- Task -
Which lines run from the one containing "Marvel Avengers Infinity" to the end of the listing? Copy them out exactly, leaving out the rest.

- Data provided -
== Segment start ==
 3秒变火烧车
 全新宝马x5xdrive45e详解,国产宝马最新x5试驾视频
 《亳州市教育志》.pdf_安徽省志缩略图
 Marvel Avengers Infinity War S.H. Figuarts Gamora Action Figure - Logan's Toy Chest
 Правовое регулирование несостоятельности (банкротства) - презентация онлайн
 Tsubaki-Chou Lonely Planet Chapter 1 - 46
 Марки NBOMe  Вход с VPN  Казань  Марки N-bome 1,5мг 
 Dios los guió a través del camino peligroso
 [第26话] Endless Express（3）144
== Segment end ==
- Expected output -
 Marvel Avengers Infinity War S.H. Figuarts Gamora Action Figure - Logan's Toy Chest
 Правовое регулирование несостоятельности (банкротства) - презентация онлайн
 Tsubaki-Chou Lonely Planet Chapter 1 - 46
 Марки NBOMe  Вход с VPN  Казань  Марки N-bome 1,5мг 
 Dios los guió a través del camino peligroso
 [第26话] Endless Express（3）144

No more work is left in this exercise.